- **EXERCISE DETAILS**
Everything in the data gets repeated exactly, except for the pictures.

- **TASK MATERIAL**
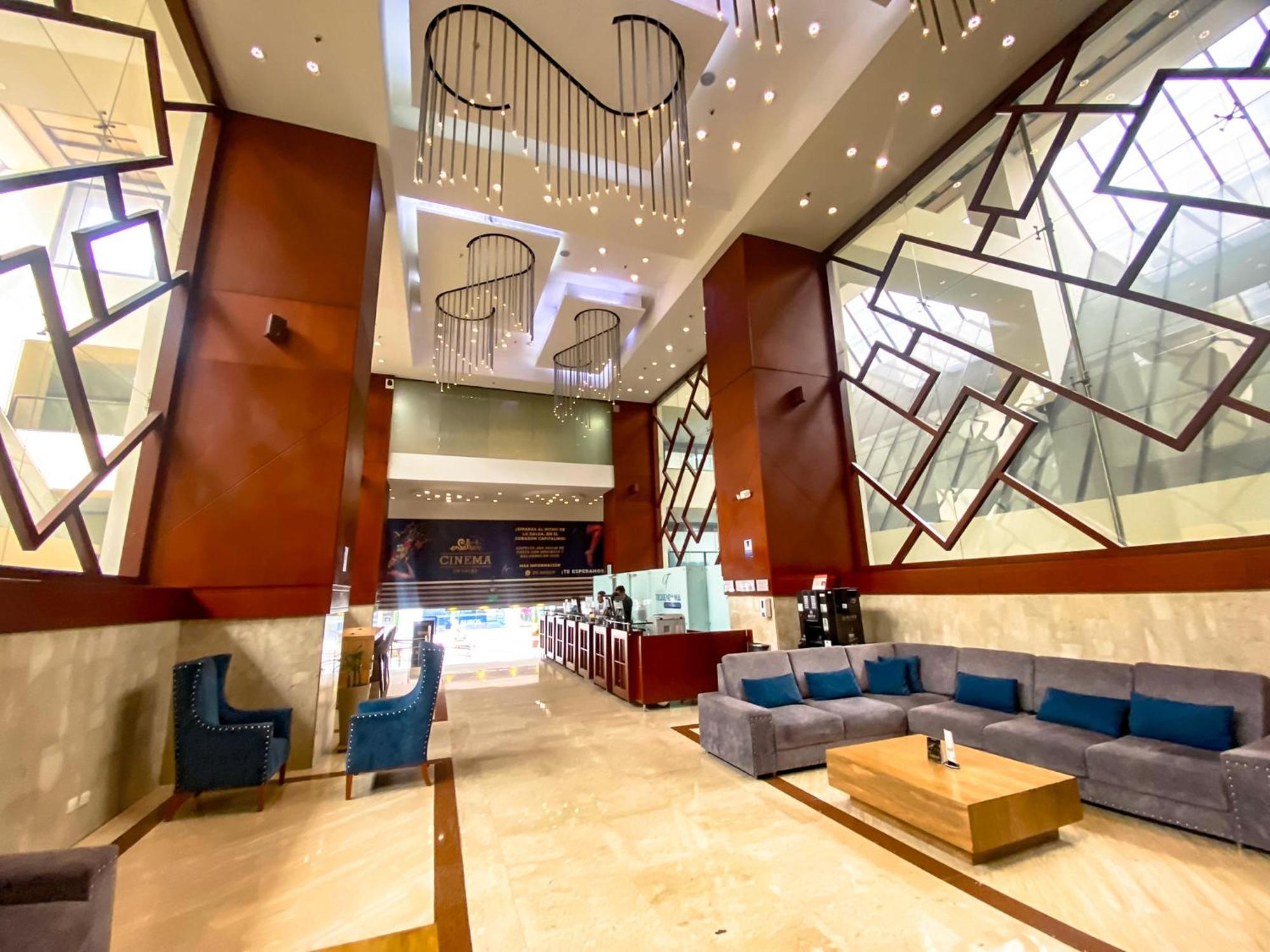 Tequendama 4* Bogota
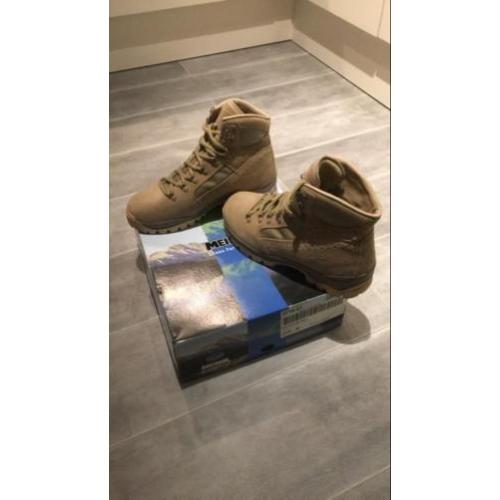Meindl desert legerschoenen maat (43/44)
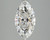 2.42 Carat Marquise Lab Grown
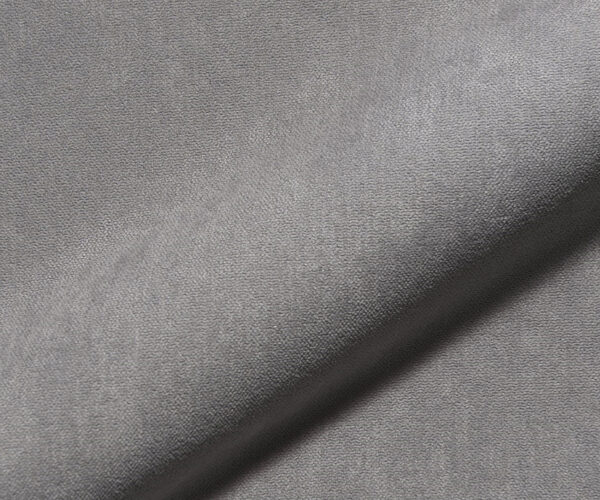 Pohovka ve tvaru "U" Sirpio XL 360x260 cm mikrovlákno šedá variabilní lenoška - Image 3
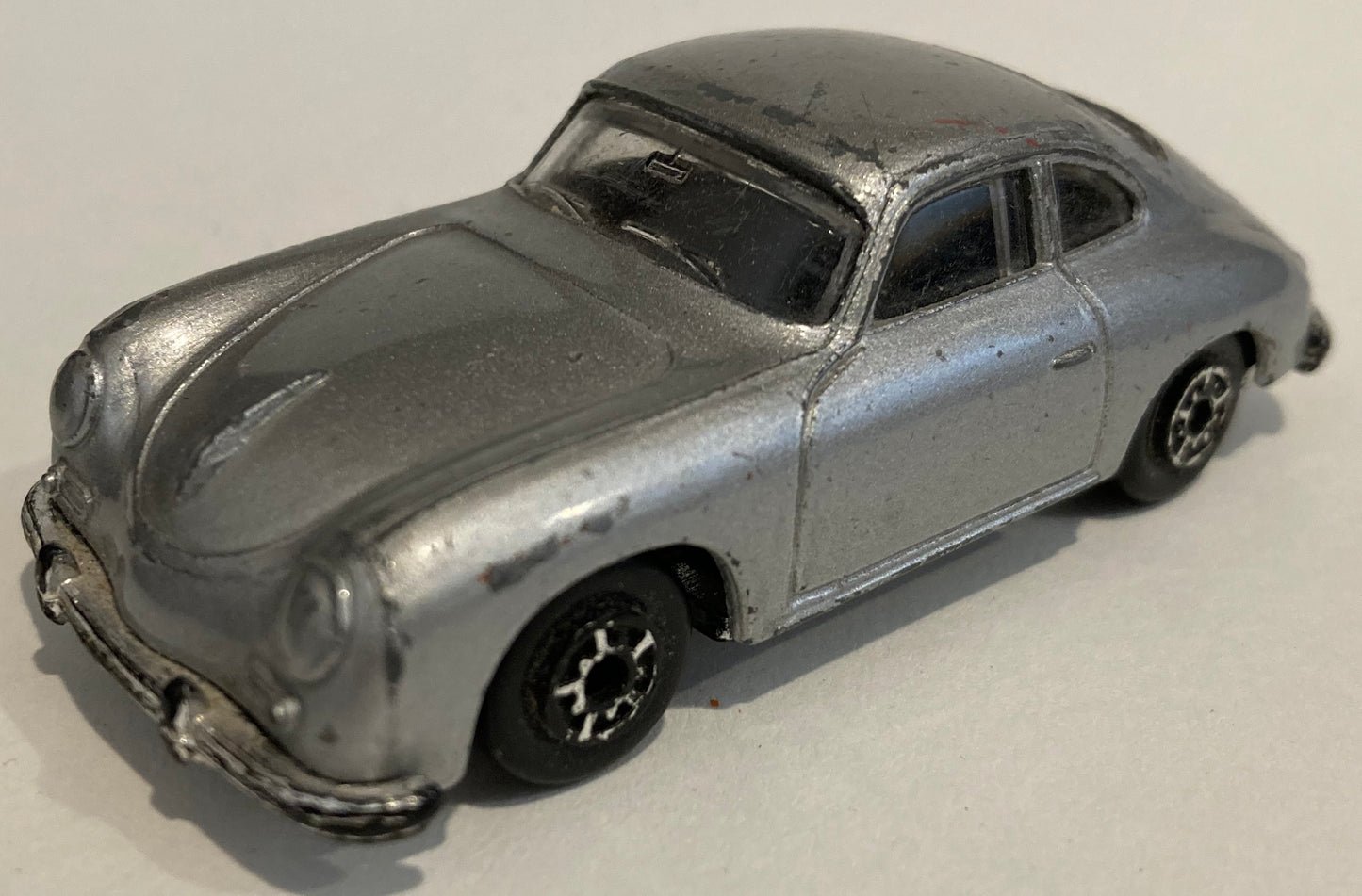 Vintage Porsche Toy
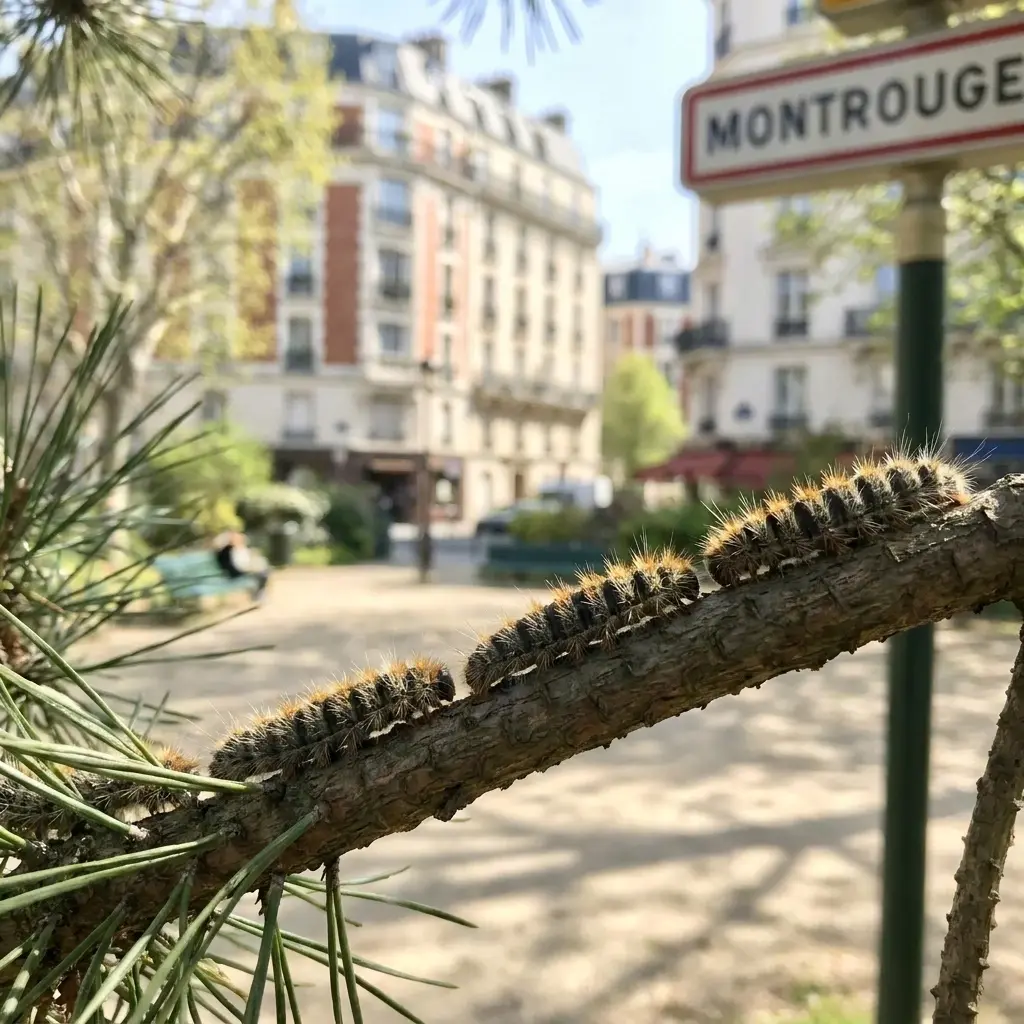 Bons réflexes à adopter à Montrouge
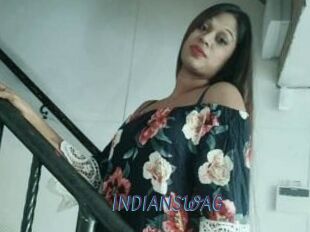 INDIANSWAG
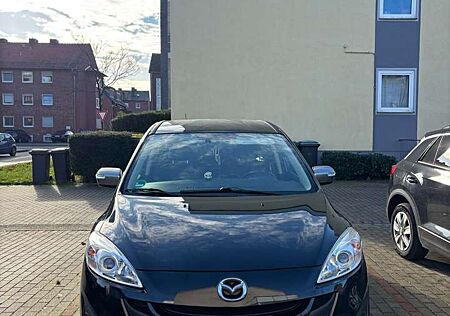 Mazda 5 CW 7 SITZER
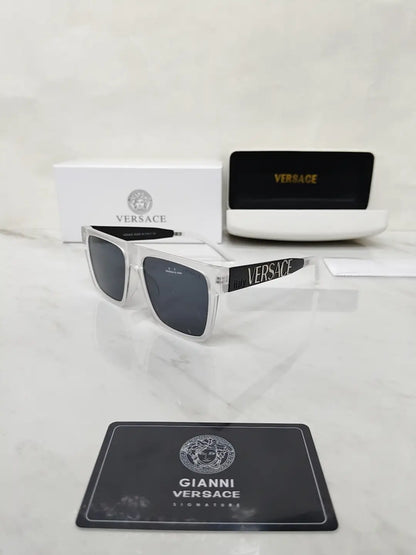 VERSACE 1101 ICE BLACK
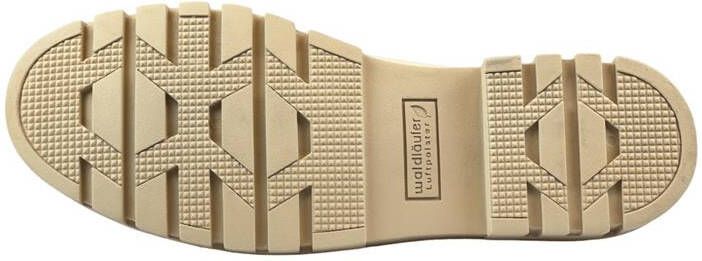 Wäldlaufer Dames Instappers & Ballerina's Waldlaufer 723502-139-110 Serena Beige ½ - Foto 6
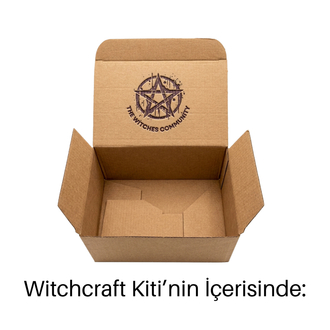 Temmuz Ayı Witchcraft Kiti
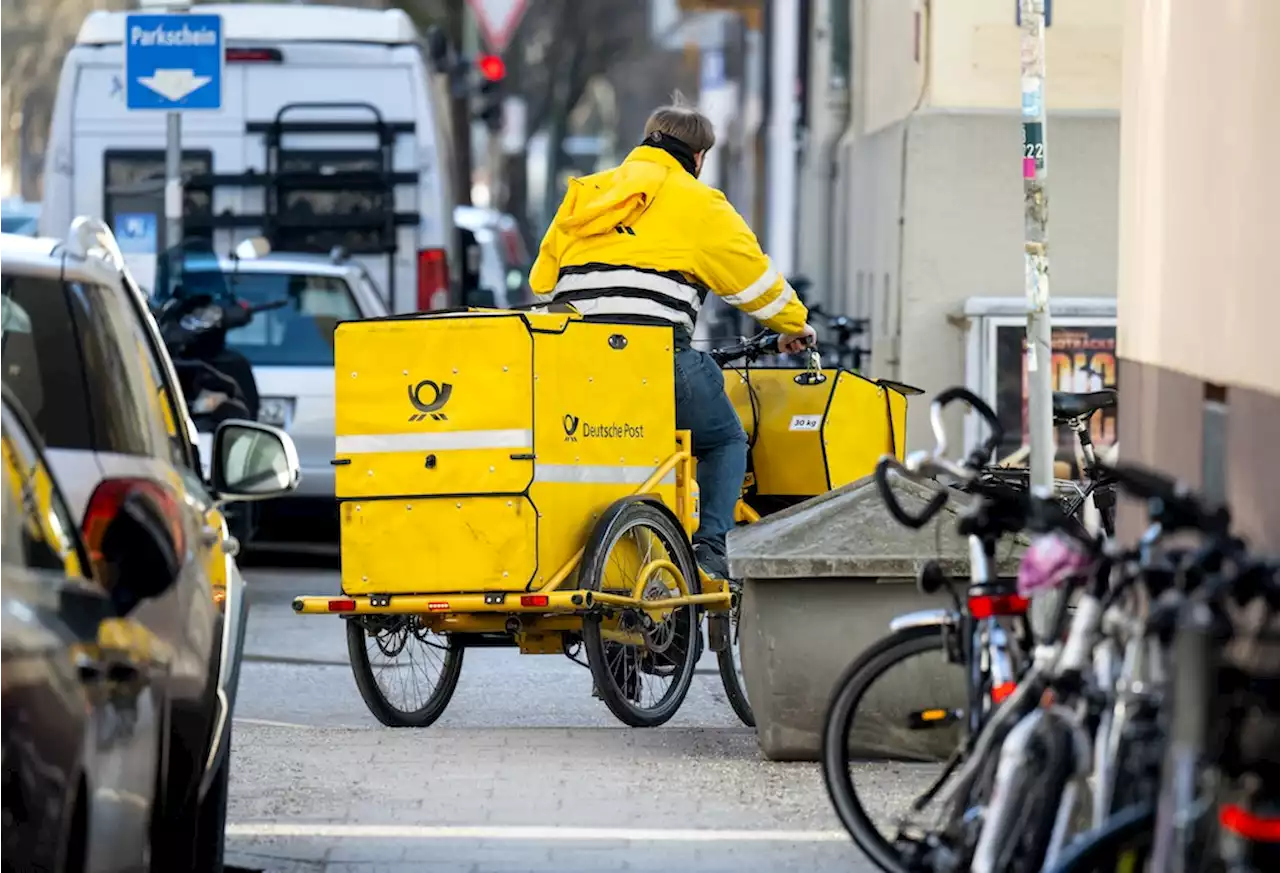 Neue Streiks drohen: Tarifverhandlungen für die Post gescheitert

- **PROBLEM SOLUTION**
 Tequendama 4* Bogota
Meindl desert legerschoenen maat (43/44)
 2.42 Carat Marquise Lab Grown
 Pohovka ve tvaru "U" Sirpio XL 360x260 cm mikrovlákno šedá variabilní lenoška - Image 3
 Vintage Porsche Toy
 Bons réflexes à adopter à Montrouge
 INDIANSWAG
 Mazda 5 CW 7 SITZER
 VERSACE 1101 ICE BLACK
 Wäldlaufer Dames Instappers & Ballerina's Waldlaufer 723502-139-110 Serena Beige ½ - Foto 6
 Temmuz Ayı Witchcraft Kiti
 Neue Streiks drohen: Tarifverhandlungen für die Post gescheitert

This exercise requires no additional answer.